RECORDED DATA »
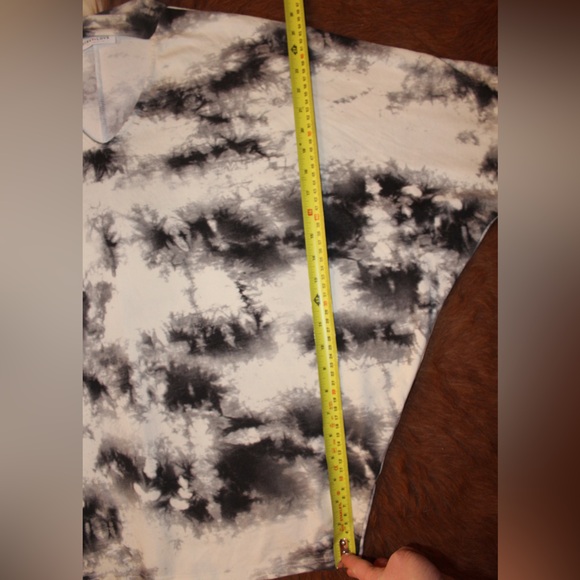 Long Sleeve - Picture 3 of 6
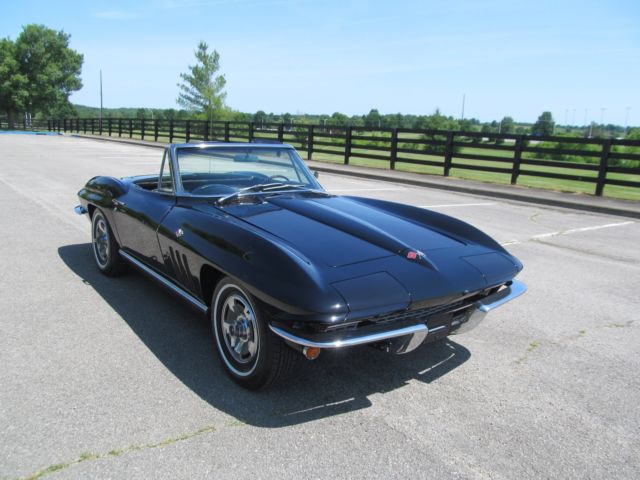 1966 Chevrolet Corvette CONVERTIBLE - photo 3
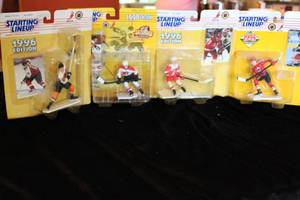 lot 11 image: 4 NHL Starting Lineups Theo Fleury, Federov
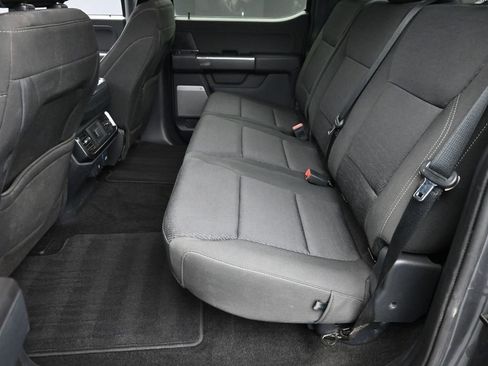 Used 2022 Ford F150 XLT w/ Equipment Group 302A High image 9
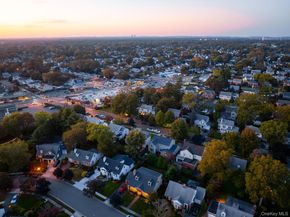 25 Greystone Road, Rockville Centre NY 11570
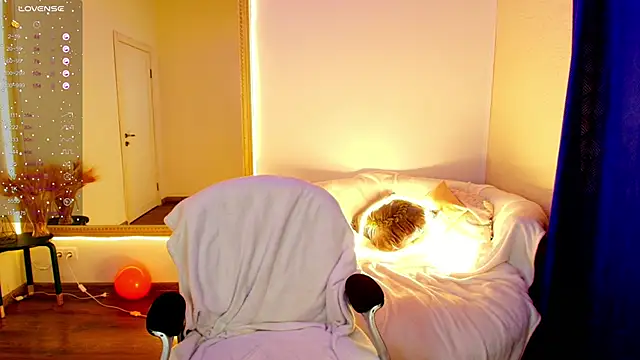 an6elica online show from November 8, 2025, 2:45 am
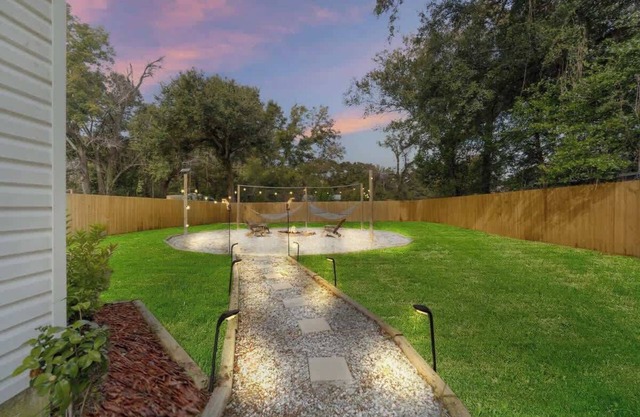 The Lantana Leisure - A Lavish Central Vibe!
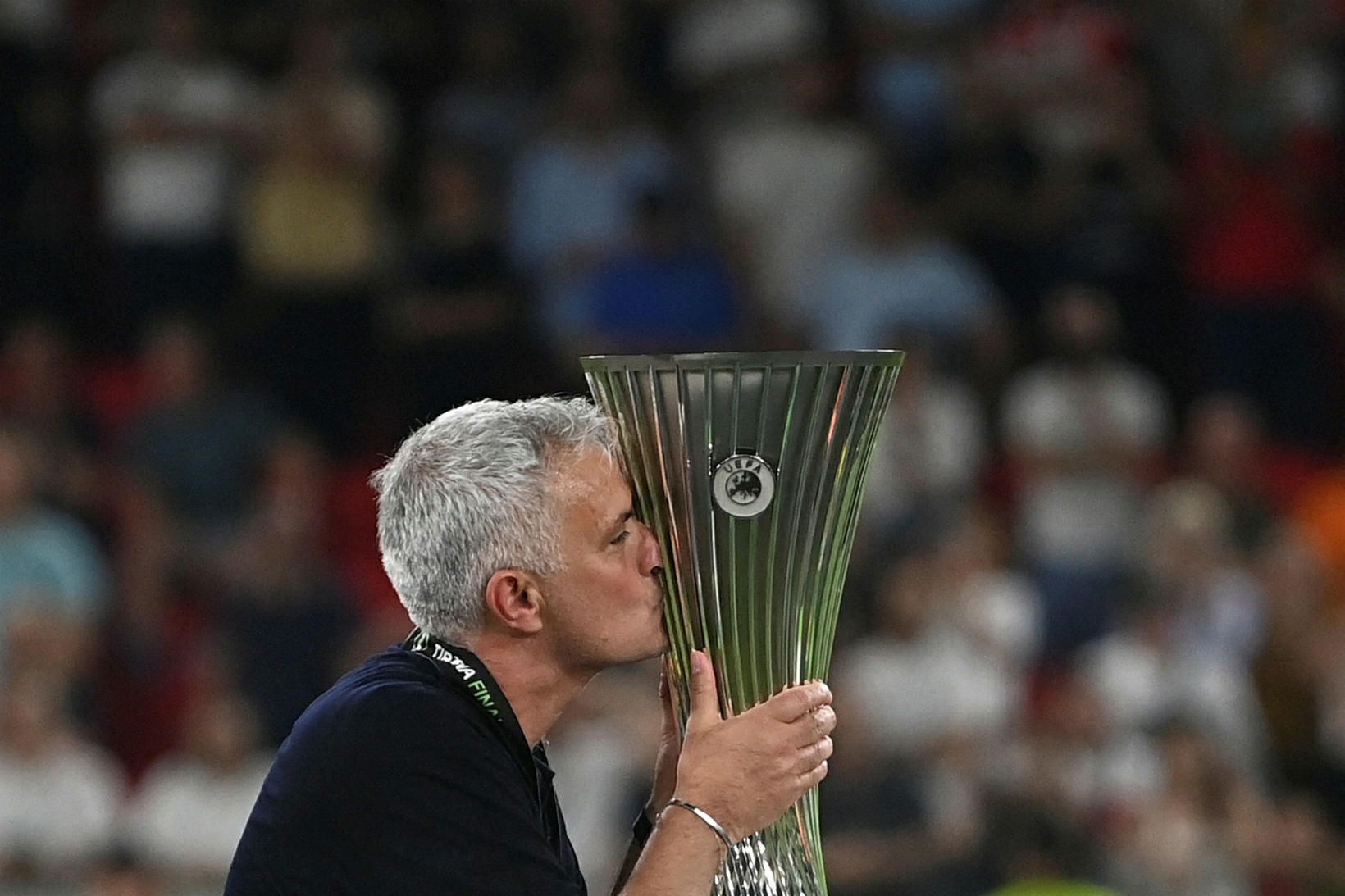 José Mourinho stýrði Roma til sigurs í Sambandsdeild UEFA á …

WHAT THE TASK ASKS »
Return the entries verbatim, pictures excluded.

RESULT »
 Long Sleeve - Picture 3 of 6
 1966 Chevrolet Corvette CONVERTIBLE - photo 3
 lot 11 image: 4 NHL Starting Lineups Theo Fleury, Federov
 Used 2022 Ford F150 XLT w/ Equipment Group 302A High image 9
 25 Greystone Road, Rockville Centre NY 11570
 an6elica online show from November 8, 2025, 2:45 am
 The Lantana Leisure - A Lavish Central Vibe!
 José Mourinho stýrði Roma til sigurs í Sambandsdeild UEFA á …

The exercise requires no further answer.